On the role of the elastic deformation field on the formation of irradiation defects in pure metals

Condensed matter physics, chemistry & nanosciences Engineering sciences Materials and applications Solid state physics, surfaces and interfaces


In the context of extending the operational lifetime of nuclear power plants (NPPs), currently operating in France, a materials ageing surveillance strategy is in place. It is essential for ensuring their mechanical properties. During the operation of the plant, materials are subjected to irradiation. Under this exposure, the internal structure of materials evolves, leading to the creation of numerous defects that degrade macroscopic properties and may result in a limitation of the long-time operation (LTO) of components. The proposed work is a fundamental study conducted on model materials, aiming to better understanding the behavior under irradiation of metallic alloys. It will contribute to the predictive modelling of materials, covering defects created at the nanoscale up to the level of nuclear components.

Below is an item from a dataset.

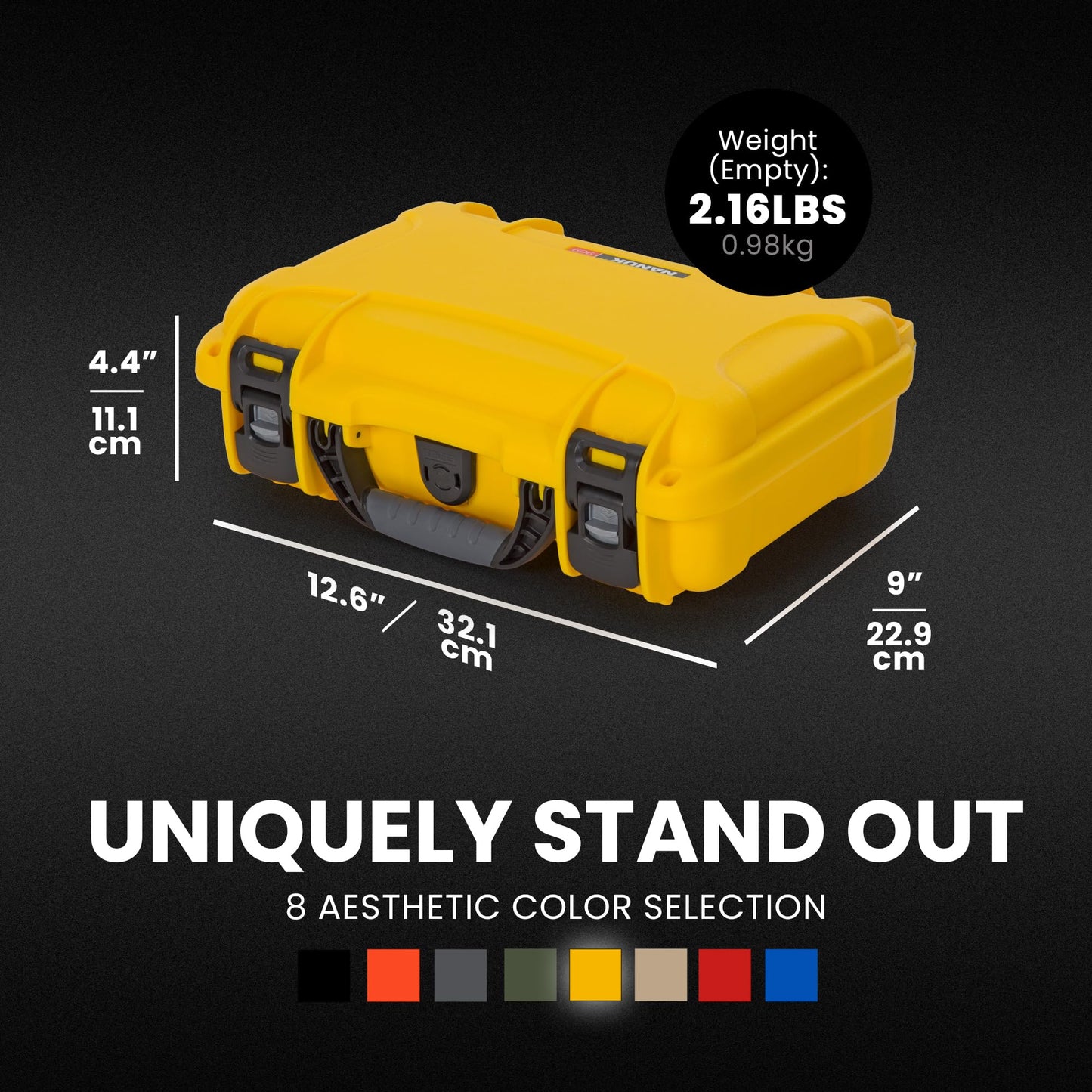 NANUK 909 Travel Hard Case with Customizable Cubed Foam - Waterproof Camera Case, 12.6” x 9” x 4.4”, Lightweight, Lockable, Dustproof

The irradiation of materials with high-energy particles such as neutrons, ions, or electrons generates a large number of defects called point defects (PD). These mobile PDs can migrate and aggregate to form 2D or 3D-objects like prismatic loops or cavities respectively. They can also be eliminated at PD sinks. The system is then submitted to PDs flows directed towards these sinks. These flows are then responsible for phenomena such as radiation-induced segregation (RIS) or precipitation (RIP) of solute atoms [1] [2]. The presence of clusters of PDs and of PD flows alters the microstructure and can deteriorate the physical response of the irradiated materials. In particular, the formation of prismatic loops degrades the mechanical properties of materials as they can impede dislocations and induce embrittlement [3]. In a previous study, we focused on vacancy defects in the form of cavities and investigated the facetting of defects formed in a weakly anisotropic metal, aluminum, using in-situ irradiations in a high-resolution transmission electron microscope (HRTEM).
The work aims to go further in the role of the elastic deformation field on the morphology of irradiation defects. More precisely, it aims to carry out a systematic study on different metals with different anisotropy coefficients. We have chosen reference metals with body-centered cubic (BCC) and face-centered cubic (FCC) structures with low or high anisotropy coefficients. The study will concern Cr and Fe with a BCC structure, and Al and Cu with a FCC structure and may be extrapolated to alloys of higher complexity such as high entropy alloys (HEA). The work will be mainly experimental but will also include a theoretical part. The effects of the crystal anisotropy on the morphology of prismatic loops will be carried out by phase field modelling [4]. The spatial arrangement of the loops will be studied by Object Kinetic Monte-Carlo (OKMC) simulations [5], as recently done in aluminium.
The work will be mainly experimental. We will studied [100]-oriented single crystals to avoid any surface effect on the shape of the objects formed. They will be irradiated with heavy ions at temperatures normalized with respect to their melting temperature either in-situ within the Jannus Orsay platform, or ex-situ within the Jannus Saclay platform [6]. Loops will be imaged by conventional TEM or STEM with a FEI Tecnai and Jeol NeoARM type microscopes. The latter is equipped with a double spherical aberration corrector. The work will be carried out within the framework of the joint research laboratory (LRC) MAXIT.
The work will also include a modelling part. The effects of crystallographic anisotropy on the morphology of prismatic loops will be investigated using a phase-field code [4]. The spatial arrangement of the loops will be studied using Object Kinetic Monte Carlo (OKMC) [5], as recently done in aluminum.
This work follows a 2-year postdoctoral fellowship scheduled to conclude in December 2023, during which deep learning (DL) approaches were developed to accelerate the automatic detection of defects created under irradiation [7]. The utilization of these approaches will significantly enhance the statistical robustness and precision of the results.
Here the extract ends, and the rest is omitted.